The following are some positive ways parents can foster and nurture the growth of creativity:
* Encourage curiosity, exploration, experimentation, fantasy, questioning, testing, and the development of creative talents.
* Provide opportunities for creative expression, creative problem-solving, and constructive response to change and stress.
* Prepare children for new experiences, and help develop creative ways of coping with them.
* Find ways of changing destructive behavior into constructive, productive behavior rather than relying on punitive methods of control.
* Find creative ways of resolving conflicts between individual family members' needs and the needs of the other family members.
* Make sure that every member of the family receives individual attention and respect and is given opportunities to make significant, creative contributions to the welfare of the family as a whole.
* Use what the school provides imaginatively, and supplement the school's efforts.
* Give the family purpose, commitment, and courage.
How Adults "Kill" Creativity:
* Insisting that children do things the "right way." Teaching a child to think that there is just one right way to do things kills the urge to try new ways.
* Pressuring children to be realistic, to stop imagining. When we label a child's flights of fantasy as "silly," we bring the child down to earth with a thud, causing the inventive urge to curl up and die.
* Making comparisons with other children. This is a subtle pressure on a child to conform; yet the essence of creativity is freedom to conform or not to conform.

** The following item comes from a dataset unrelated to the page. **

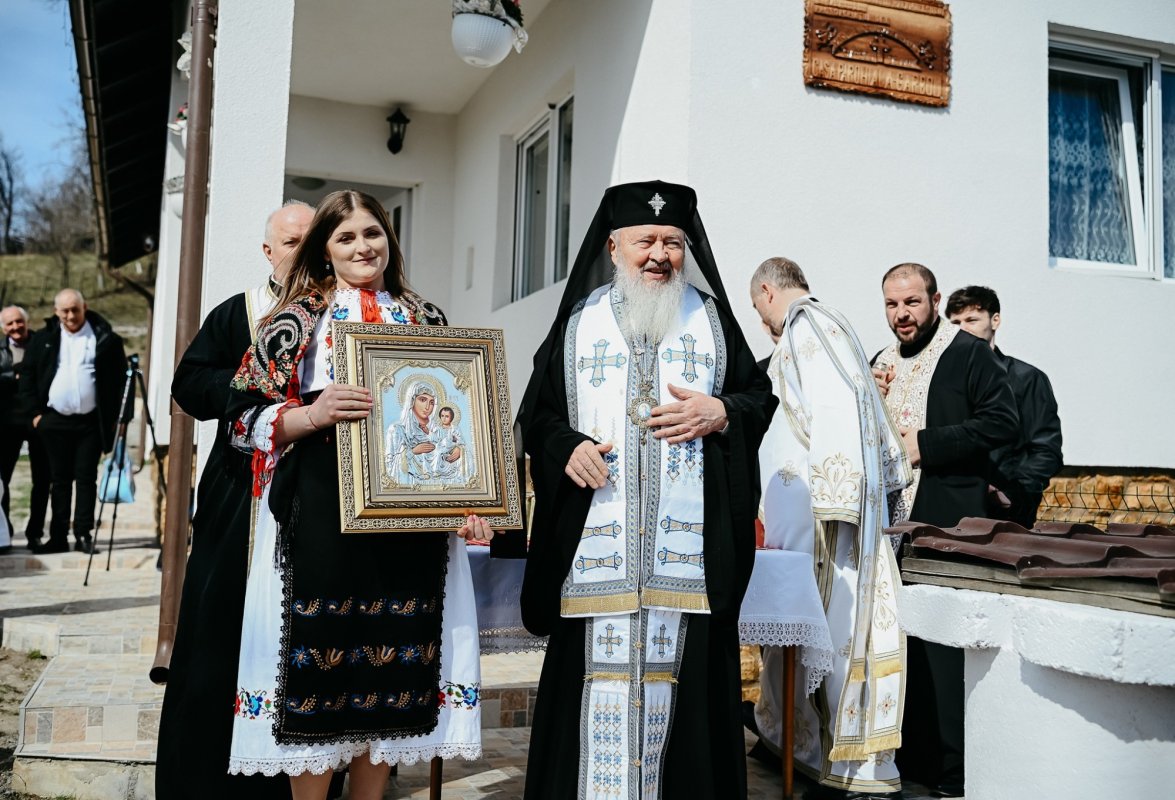 Binecuvântarea lucrărilor la casa parohială din Gârbău Dejului, judeţul Cluj 357516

* Discouraging children curiosity. One of the surest indicators of creativity is curiosity; yet we often brush questions aside because we are too busy for "silly" questions. Children questions deserve respect.
Creative Behavior of Young Children
Young children are naturally curious. They wonder about people and the world. By the time they enter preschool, they already have a variety of learning skills acquired through questioning, inquiring, searching, manipulating, experimenting, and playing. They are content to watch from a distance at first; however, this does not satisfy their curiosity. Children need opportunities for a closer look; they need to touch; they need time for the creative encounter.

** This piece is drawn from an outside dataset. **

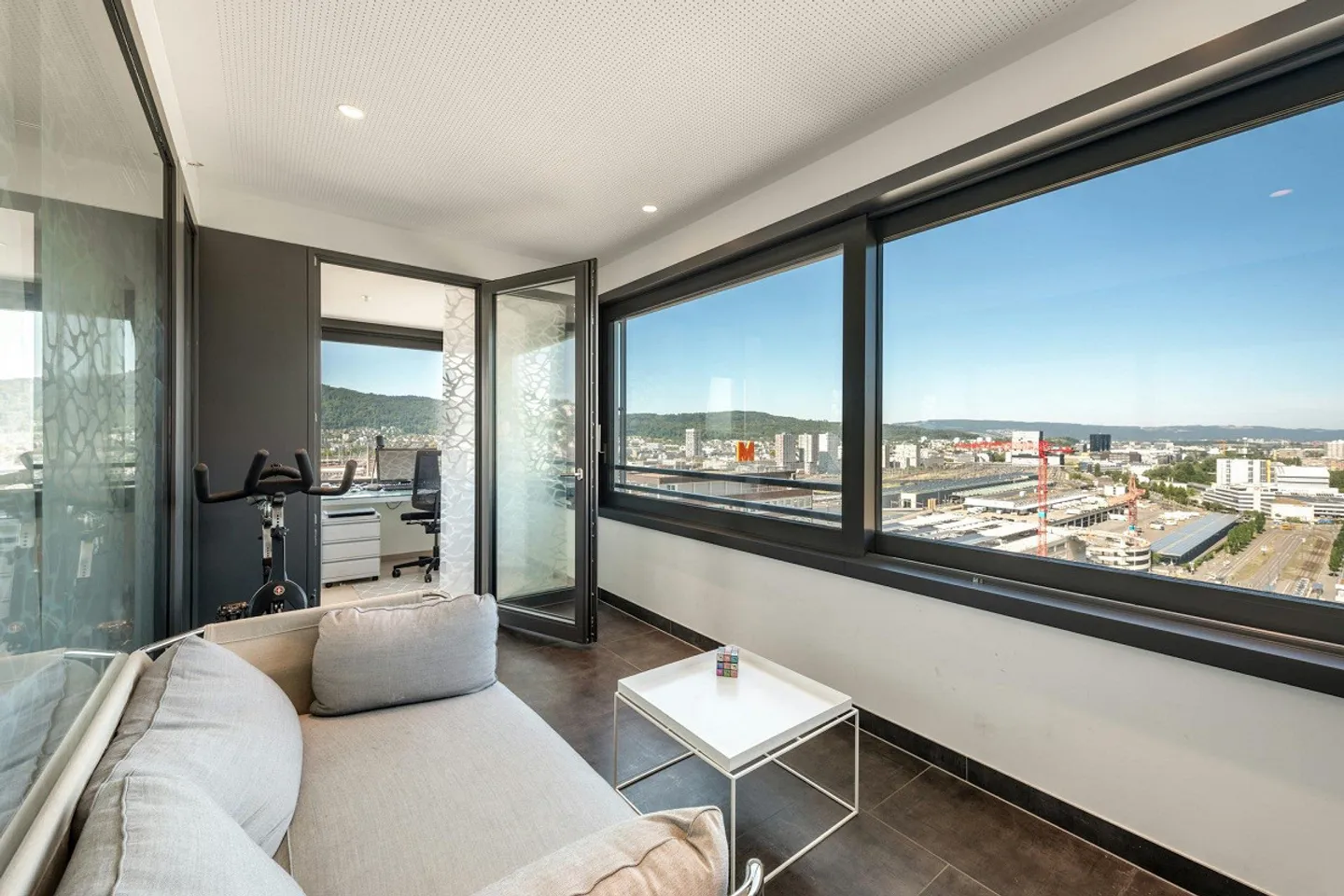 High above Zurich - Exclusive Living on the 19th Floor - Photo 11 of 12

We place many restrictions on child's desire to explore the world. We discourage them by saying "Curiosity killed the cat." If we were honest, we would admit that curiosity makes a good cat and that cats are extremely skilled in testing the limits and determining what is safe and what is dangerous. Apparently children, as well as cats, have an irresistible tendency to explore objects, and this very tendency seems to be the basis for the curiosity and inventiveness of adults. Even in testing situations, children who do the most manipulating of objects produce the most ideas and the largest number of original ideas.